Input space reduction for rule based classification

  • Authors:
  • Mohammed M. Mazid;A. B. M. Shawkat Ali;Kevin S. Tickle

  • Affiliations:
  • School of Computing Science, Central Queensland University, Australia;School of Computing Science, Central Queensland University, Australia;School of Computing Science, Central Queensland University, Australia

  • Venue:
  • WSEAS Transactions on Information Science and Applications
  • Year:
  • 2010

Quantified Score

Hi-index 0.01

Visualization

Abstract

Rule based classification is one of the most popular way of classification in data mining. There are number of algorithms for rule based classification.
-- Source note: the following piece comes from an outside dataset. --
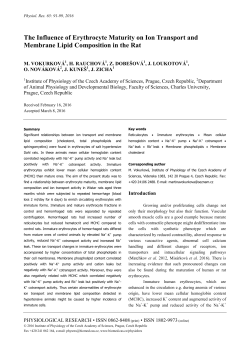 The Influence of Erythrocyte Maturity on Ion Transport and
C4.5 and Partial Decision Tree (PART) are very popular algorithms among them and both have many empirical features such as continuous number categorization, missing value handling, etc. However in many cases these algorithms takes more processing time and provides less accuracy rate for correctly classified instances. One of the main reasons is high dimensionality of the databases. A large dataset might contain hundreds of attributes with huge instances. We need to choose most related attributes among them to obtain higher accuracy. It is also a difficult task to choose a proper algorithm to perform efficient and perfect classification. With our proposed method, we select the most relevant attributes from a dataset by reducing input space and simultaneously improve the performance of these two rule based algorithms. The improved performance is measured based on better accuracy and less computational complexity. We measure Entropy of Information Theory to identify the central attribute for a dataset. Then apply correlation coefficient measure namely, Pearson's, Spearman and Kendall correlation utilizing the central attribute of the same dataset. We have conducted a comparative study using these three most popular correlation coefficient measures to choose the best method. We have picked datasets from well known data repository UCI (University of California Irvine) database. We have used box plot to compare experimental results. Our proposed method has showed better performance in most of the individual experiment.